Multiclass output, provided all the target labels have the same number of classes: $Y \in \left\{ 0, .., C \right\}^L$.
Minibatch support, with vectorized computation of the messages $\alpha_i(y_i)$ and $\beta_i(y_i)$.

💡 Example

To create a Tree-structured CRF, you must first define the tree encoding the relationships between variables. Let's build a simple CRF for a root variable with two children:

First, define an adjacency matrix $M$ representing the hierarchy, such that $M_{i,j}$ is $1$ if $j$ is a parent of $i$:

adjacency = torch.tensor([
    [0, 0, 0],
    [1, 0, 0],
    [1, 0, 0]
])

Then, create the a CRF with the right number of features, depending on your feature space, like you would for a torch.nn.Linear module, to obtain a Torch model:

crf = torch_treecrf.TreeCRF(n_features=30, hierarchy=hierarchy)

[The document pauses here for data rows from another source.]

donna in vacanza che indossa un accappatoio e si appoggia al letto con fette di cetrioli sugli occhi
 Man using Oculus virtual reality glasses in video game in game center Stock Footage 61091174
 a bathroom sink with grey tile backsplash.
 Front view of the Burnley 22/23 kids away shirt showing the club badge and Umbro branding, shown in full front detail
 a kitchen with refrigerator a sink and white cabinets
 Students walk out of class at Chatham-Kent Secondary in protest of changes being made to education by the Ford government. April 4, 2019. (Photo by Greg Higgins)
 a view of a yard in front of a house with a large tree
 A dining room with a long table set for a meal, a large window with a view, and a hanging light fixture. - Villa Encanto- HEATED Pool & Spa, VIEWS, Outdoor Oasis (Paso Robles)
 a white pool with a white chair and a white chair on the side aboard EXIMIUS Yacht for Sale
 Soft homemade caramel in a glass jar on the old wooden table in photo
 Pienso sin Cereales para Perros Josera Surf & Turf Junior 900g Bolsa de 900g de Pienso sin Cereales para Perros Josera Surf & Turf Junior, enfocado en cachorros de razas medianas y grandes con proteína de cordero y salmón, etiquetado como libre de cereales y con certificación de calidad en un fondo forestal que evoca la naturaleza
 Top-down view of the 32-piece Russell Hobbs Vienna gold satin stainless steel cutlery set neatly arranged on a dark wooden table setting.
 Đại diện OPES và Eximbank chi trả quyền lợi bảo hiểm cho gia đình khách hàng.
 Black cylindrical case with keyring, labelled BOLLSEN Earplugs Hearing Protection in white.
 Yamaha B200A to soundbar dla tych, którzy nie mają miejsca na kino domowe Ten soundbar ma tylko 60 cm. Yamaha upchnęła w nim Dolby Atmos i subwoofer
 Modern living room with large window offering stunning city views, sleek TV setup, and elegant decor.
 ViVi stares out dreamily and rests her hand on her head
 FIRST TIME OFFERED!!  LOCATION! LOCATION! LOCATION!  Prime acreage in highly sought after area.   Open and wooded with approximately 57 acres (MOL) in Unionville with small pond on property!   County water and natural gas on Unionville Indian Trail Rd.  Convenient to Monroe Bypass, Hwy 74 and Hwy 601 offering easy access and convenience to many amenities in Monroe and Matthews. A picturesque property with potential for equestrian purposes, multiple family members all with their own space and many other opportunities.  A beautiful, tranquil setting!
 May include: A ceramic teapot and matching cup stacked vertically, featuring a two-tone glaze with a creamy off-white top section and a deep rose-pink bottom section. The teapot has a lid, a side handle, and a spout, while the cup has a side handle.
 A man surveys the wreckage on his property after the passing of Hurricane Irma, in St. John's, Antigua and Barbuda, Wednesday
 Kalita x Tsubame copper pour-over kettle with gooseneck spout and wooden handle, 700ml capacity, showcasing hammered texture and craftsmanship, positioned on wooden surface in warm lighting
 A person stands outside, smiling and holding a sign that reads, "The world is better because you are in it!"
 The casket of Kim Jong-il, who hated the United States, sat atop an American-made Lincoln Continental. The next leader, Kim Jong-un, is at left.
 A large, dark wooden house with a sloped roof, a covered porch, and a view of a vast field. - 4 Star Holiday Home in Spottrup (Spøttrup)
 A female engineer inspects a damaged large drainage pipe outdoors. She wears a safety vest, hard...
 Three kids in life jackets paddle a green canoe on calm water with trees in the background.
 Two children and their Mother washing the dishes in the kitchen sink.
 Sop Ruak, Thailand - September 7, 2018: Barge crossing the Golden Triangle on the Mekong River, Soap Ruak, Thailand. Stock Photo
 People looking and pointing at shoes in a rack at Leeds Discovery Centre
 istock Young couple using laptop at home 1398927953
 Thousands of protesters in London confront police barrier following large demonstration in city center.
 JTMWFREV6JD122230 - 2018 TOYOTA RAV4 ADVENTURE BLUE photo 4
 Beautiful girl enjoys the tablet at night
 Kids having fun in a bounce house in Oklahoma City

If you wish to use the CRF layer only, use the TreeCRFLayer module, which expects and outputs an emission tensor of shape $(\star, C, L)$, where $\star$ is the minibatch size, $L$ the number of labels and $C$ the number of class per label.

💭 Feedback

⚠️ Issue Tracker

Found a bug ? Have an enhancement request ? Head over to the GitHub issue tracker if you need to report or ask something. If you are filing in on a bug, please include as much information as you can about the issue, and try to recreate the same bug in a simple, easily reproducible situation.

🏗️ Contributing

Contributions are more than welcome! See CONTRIBUTING.md for more details.

⚖️ License

This library is provided under the MIT License.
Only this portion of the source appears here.